The reputation of the poet, artist and visionary William Blake (currently the subject of a major exhibition at Tate Britain, the old Tate Gallery on Millbank) seems to grow greater by the year, while that of his friend, contemporary and fellow-artist, John Flaxman, has languished for many years and he is now known only to scholars and art historians. There is irony in this. Flaxman was one of the best-known English artists of his day and had a European reputation, while Blake was hardly known in his lifetime and for many years afterwards.
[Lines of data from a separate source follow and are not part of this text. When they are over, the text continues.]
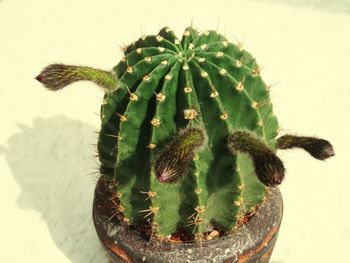 Close-up of cactus plant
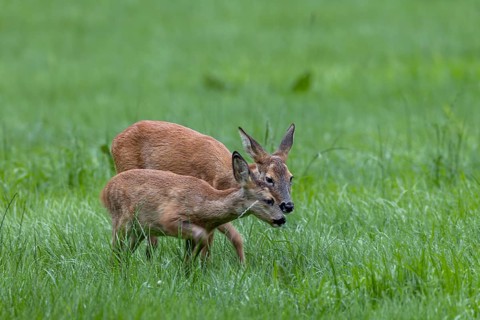 Fawn (Capreolus capreolus) seeks physical contact with its mother, baby animals, sweet, cute,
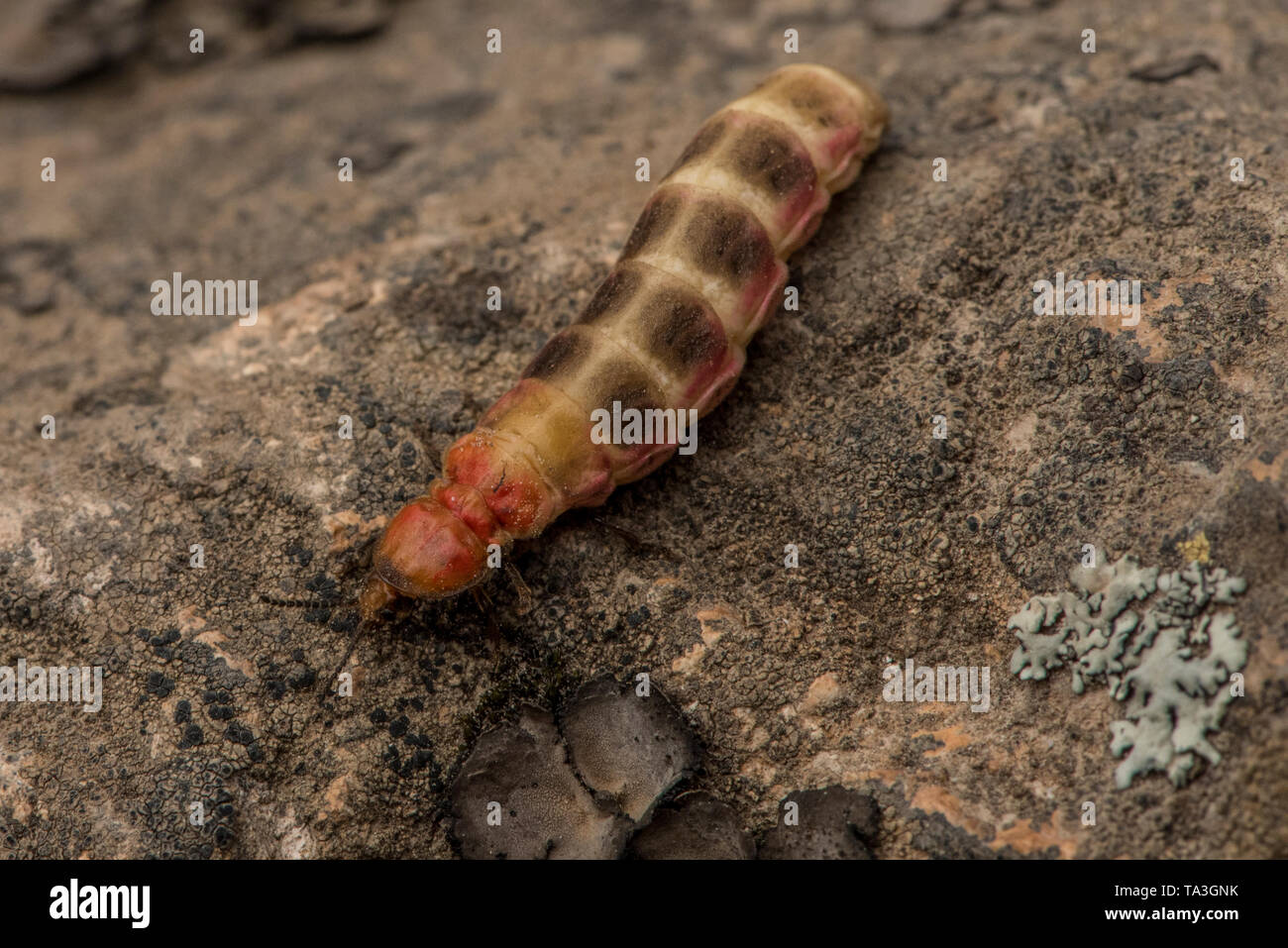 Una lucciola (Lampyridae) da le montagne delle Ande del Perù, questo è un adulto femmina flightless noto anche come Larviform femmina. Foto Stock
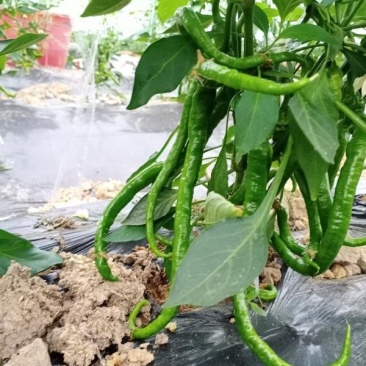 江西宁都绿缘蔬菜种植专业基地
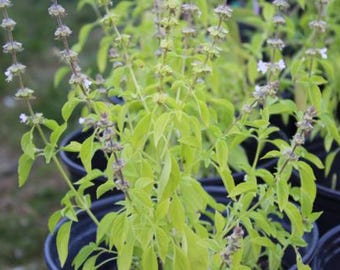 Basil, Sweet Lemon 'Mrs. Burns' seeds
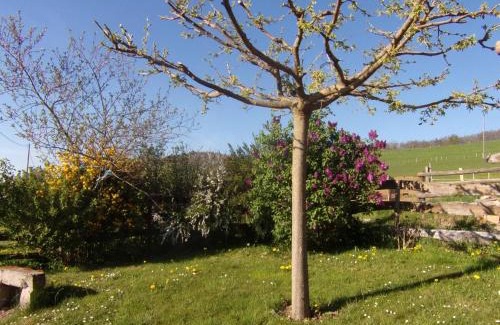 Neulise House | Gîte rural confortable avec terrasse, proche de Roanne - FR-1-496-376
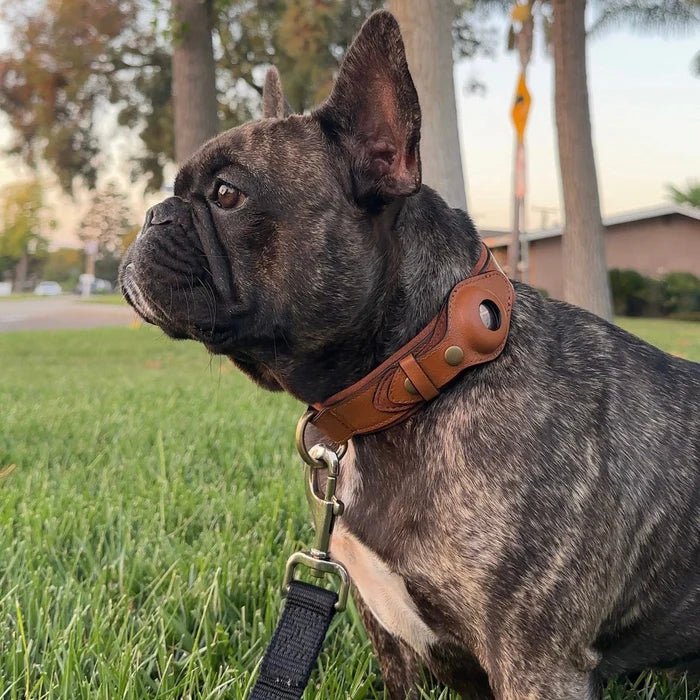 SafeTrack Premium AirTag Dog Collar For Pets With Find My App And Android Tracker Detector | Lersk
Known best for his funerary monuments and for his exquisite outline drawings, Flaxman became a Royal Academician in 1800 and was appointed its first Professor of Sculpture in 1810. It is not widely known that he was one of the "founding fathers" of the Swedenborg Society in that same year and served on its governing committee on several occasions thereafter.

John Flaxman, Blake’s senior by two years, was born in York in 1755. He was the son of a maker of casts and models for the sculptor Roubiliac and began to learn his "trade" early in his father’s shop near Covent Garden. Thus, like Blake who began his career as an engraver’s apprentice, he came to "high art" through "craft". A delicate child who suffered from a curvature of the spine, he showed early promise in sculpture and won a silver medal at the Royal Academy schools in 1770 for his wax model of Neptune. For many years he pursued a career in what we would now call industrial design, working for Josiah Wedgwood. The reputation of the Wedgwood pottery for elegant design owed much in its early years to the efforts of its most distinguished artist, John Flaxman. In 1782 Flaxman married Ann Denman whom he had long known and loved. Hearing that he was married, Sir Joshua Reynolds, the first President of the Royal Academy, told him that he was "ruined for an artist". John went home and told Ann. She asked him how was he ruined. "It happened in the church," he replied, "and Ann Denman has done it…".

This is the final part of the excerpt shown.